Pubblichiamo il seguente articolo di Alessandro Frigeri, apparso sulla rivista Verifiche del giugno 2022 (anno 53, n.2).

Nell’ottobre scorso è apparso nelle librerie l’ennesimo testo sulla scuola scritto da Paola Mastrocola, questa volta firmato con il marito, il sociologo Luca Ricolfi: Il danno scolastico. La scuola progressista come macchina della disuguaglianza, edito da La nave di Teseo. E come era già successo per altri suoi libri dedicati al tema[1], l’opera ha avuto un certo successo, se n’è parlato nel dibattito pubblico, un discreto numero di insegnanti l’hanno letta. Non solo in Italia, ma anche alle nostre latitudini.

È così che quest’anno mi è capitato in più di un’occasione di parlarne con dei colleghi, scoprendo – anche se non è stata una vera sorpresa, è quanto era avvenuto anche con le uscite precedenti – che si tratta di un libro che polarizza gli animi: da una parte vi sono gli entusiasti per quanto letto, dall’altra gli scandalizzati.

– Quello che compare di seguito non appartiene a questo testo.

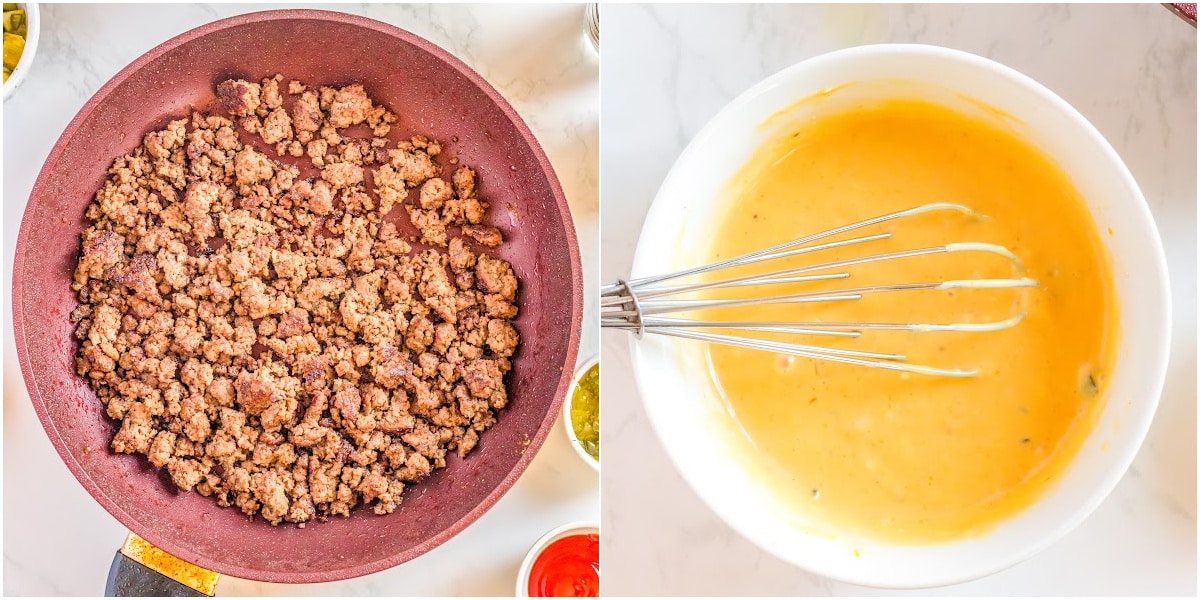 a collage of how to make burger bowls by first browning the beef and whisking together the ingredients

Ebbene, sono riuscito nell’ardua impresa di assumere un atteggiamento critico nei confronti dei miei interlocutori dialogando sia con gli uni che con gli altri! A me la Mastrocola fa questo effetto, perlomeno dal suo Togliamo il disturbo: mi gettano nello sconforto coloro che sembrano non cogliere il carattere retrivo del suo pensiero e nel contempo provoca in me una reazione non molto diversa chi si rifiuta di ammettere che molti dei problemi denunciati nei suoi libri siano di scottante attualità (e gravi in misura preoccupante). 

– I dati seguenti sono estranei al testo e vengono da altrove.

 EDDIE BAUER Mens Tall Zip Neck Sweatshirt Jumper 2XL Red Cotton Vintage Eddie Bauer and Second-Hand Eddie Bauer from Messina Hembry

Direi che vivo la stessa imbarazzante situazione nella quale puntualmente mi ritrovo quanto tra insegnanti – spesso discutendo il caso di uno studente o di una classe “difficile” – ci si divide in due contrapposte fazioni, i buonisti e i rigoristi, che si muovono vicendevolmente le peggiori accuse. In quei frangenti, mi capita di non riuscire a parteggiare, paralizzato dall’impossibilità di contrapporre l’importanza dell’empatia nei confronti dei discenti, che quasi sempre manca ai secondi, con la difesa intransigente della serietà e del valore dell’attività scolastica, che sovente sono sottovalutati dai primi. Il rischio è quello di passare per essere un confuso, uno schizofrenico.[2]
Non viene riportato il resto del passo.